Frontline healthcare workers have also been prioritised in this initial phase, a group also at high risk of exposure to the virus. If our healthcare workers contract the virus, it will not only affect their health but also impact on their ability to provide essential care.

Prioritising healthcare workers recognises the significant burdens they carry daily in protecting wider society and our healthcare system.

Some people with underlying health conditions will be vulnerable to developing severe infection and are at increased risk of dying compared to healthy individuals of the same age.

It is also clear that socio-economic factors including occupation, as well as living or working in crowded conditions can increase susceptibility to Covid-19 and impact on outcomes following infection with the virus.

From the perspective of fairness, it makes sense to afford these vulnerable groups early access to vaccination.
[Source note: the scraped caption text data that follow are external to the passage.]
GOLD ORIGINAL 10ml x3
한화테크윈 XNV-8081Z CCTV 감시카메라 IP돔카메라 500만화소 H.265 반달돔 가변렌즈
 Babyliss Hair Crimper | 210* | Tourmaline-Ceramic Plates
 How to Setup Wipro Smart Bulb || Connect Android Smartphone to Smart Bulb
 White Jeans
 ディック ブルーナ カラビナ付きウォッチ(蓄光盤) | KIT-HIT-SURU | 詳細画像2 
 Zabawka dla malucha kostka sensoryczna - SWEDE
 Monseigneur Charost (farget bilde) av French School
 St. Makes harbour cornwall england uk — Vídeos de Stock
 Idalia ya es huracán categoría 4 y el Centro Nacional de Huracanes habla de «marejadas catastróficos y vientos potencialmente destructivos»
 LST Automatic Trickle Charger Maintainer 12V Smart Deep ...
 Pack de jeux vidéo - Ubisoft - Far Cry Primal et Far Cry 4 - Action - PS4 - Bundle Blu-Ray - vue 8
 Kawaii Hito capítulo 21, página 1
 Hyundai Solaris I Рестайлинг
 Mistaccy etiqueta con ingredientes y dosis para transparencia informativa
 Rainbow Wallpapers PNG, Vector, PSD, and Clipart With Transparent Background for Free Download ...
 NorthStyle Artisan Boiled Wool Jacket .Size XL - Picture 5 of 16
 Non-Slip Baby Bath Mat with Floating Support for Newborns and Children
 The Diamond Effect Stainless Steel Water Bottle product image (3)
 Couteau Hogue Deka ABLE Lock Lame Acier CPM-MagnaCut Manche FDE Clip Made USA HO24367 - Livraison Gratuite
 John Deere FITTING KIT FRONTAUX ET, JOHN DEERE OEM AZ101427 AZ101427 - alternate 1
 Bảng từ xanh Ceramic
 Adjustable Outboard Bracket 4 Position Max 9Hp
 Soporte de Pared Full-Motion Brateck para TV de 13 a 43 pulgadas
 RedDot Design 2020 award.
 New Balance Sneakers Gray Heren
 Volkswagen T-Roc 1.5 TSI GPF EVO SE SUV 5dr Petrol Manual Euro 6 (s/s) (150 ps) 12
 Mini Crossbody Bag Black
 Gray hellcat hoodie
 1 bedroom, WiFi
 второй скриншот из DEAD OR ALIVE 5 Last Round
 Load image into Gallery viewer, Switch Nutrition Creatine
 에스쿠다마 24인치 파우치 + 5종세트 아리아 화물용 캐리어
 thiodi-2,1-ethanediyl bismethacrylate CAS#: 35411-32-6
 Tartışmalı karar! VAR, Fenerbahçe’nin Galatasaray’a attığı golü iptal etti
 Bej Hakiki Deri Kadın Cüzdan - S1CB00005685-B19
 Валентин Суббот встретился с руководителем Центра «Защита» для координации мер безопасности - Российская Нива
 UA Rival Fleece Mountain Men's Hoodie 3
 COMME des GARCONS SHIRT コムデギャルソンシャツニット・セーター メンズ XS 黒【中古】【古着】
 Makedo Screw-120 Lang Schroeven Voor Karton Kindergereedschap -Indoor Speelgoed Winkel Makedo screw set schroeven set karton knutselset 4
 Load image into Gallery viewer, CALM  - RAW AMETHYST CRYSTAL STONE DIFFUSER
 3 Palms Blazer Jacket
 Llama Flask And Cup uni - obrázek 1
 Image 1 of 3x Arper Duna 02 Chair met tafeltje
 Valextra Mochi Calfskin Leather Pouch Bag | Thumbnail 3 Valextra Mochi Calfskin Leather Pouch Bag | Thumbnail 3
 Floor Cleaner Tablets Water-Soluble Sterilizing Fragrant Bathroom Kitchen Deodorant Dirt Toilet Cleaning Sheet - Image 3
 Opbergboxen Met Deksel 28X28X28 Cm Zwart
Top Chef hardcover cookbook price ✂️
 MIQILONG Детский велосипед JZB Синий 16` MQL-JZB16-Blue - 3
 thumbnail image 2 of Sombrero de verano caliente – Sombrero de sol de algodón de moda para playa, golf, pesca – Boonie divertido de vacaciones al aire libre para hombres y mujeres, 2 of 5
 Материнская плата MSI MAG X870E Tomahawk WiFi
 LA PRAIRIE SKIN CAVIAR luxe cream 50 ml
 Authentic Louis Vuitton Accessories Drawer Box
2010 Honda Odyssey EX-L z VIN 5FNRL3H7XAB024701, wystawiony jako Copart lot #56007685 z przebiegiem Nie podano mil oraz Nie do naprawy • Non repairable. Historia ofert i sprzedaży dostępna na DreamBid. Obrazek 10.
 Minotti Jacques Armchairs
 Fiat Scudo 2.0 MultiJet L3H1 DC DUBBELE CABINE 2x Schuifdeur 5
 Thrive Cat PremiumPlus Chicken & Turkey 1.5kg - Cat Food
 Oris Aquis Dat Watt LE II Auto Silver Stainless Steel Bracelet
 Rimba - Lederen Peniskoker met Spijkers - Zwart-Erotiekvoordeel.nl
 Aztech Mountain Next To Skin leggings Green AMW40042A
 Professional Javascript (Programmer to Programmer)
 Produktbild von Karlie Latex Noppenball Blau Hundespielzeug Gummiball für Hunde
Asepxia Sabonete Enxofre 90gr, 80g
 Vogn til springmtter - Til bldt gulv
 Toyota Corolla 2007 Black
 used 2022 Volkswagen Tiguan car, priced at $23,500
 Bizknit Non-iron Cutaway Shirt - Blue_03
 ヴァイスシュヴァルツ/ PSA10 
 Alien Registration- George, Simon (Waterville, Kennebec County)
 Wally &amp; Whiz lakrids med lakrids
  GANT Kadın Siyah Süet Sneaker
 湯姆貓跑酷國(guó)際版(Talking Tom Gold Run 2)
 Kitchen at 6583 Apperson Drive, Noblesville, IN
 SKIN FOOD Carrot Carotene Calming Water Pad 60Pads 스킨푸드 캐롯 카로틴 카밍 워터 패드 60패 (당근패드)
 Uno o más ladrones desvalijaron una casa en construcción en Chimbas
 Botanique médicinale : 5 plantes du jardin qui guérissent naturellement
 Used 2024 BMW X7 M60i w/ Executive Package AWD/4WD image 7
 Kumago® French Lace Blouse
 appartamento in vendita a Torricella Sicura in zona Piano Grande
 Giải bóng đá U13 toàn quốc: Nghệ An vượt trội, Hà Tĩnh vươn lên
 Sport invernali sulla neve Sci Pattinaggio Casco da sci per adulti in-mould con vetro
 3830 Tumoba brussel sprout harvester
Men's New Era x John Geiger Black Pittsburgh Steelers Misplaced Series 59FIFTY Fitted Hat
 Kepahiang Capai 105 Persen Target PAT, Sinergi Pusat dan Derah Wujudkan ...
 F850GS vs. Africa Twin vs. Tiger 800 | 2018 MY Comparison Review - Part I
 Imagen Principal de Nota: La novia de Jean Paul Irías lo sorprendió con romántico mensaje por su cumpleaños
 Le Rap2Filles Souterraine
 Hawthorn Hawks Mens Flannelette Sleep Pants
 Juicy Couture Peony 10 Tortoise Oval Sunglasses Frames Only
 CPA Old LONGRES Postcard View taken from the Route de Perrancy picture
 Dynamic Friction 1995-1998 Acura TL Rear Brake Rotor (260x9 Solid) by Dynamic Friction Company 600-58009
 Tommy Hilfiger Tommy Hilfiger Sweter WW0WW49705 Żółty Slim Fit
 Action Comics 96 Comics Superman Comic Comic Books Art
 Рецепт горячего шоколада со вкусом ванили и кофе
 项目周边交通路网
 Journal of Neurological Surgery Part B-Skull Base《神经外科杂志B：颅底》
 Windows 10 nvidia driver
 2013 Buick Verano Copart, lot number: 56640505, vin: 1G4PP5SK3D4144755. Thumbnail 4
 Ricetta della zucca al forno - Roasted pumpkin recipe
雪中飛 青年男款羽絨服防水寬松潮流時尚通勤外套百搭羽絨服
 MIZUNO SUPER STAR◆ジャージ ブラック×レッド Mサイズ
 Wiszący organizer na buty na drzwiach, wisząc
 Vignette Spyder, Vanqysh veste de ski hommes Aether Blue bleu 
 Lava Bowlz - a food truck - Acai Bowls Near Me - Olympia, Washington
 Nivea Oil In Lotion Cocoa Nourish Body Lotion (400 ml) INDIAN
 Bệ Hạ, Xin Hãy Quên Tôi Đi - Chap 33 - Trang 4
No-one is protected until everyone is protected.

Solidarity becomes a very thin concept if we only apply it to those who are very much like us and if it comes with terms and conditions. Efforts to control the pandemic at a national level will only succeed if we play our part in the global effort. Human dignity and respect is due to all, not just those within our borders.

While we in Ireland and the rest of Europe have already commenced vaccinating our priority groups, it is a sobering thought that nearly a quarter of the world’s population mostly in low- and middle-income countries, will not have access to a vaccine before 2022.

WHO Director-General Tedros Adhanom Ghebreyesus has described this as a “catastrophic moral failure”. Equitable, global distribution of Covid vaccines is not only the right thing to do, but in protecting the most vulnerable we are protecting ourselves.

Importantly, the ethical principles which have guided the vaccine allocation strategy are grounded in and informed by the WHO values framework for the allocation and prioritisation of Covid-19 vaccination.

In 2020, we saw how we can collectively make a difference at a population level by abiding by public health measures. It has never been more clear that our own actions impact on other people, both at a national as well as a global level.

Solidarity remains a relevant ethical lens through which to view our pandemic response.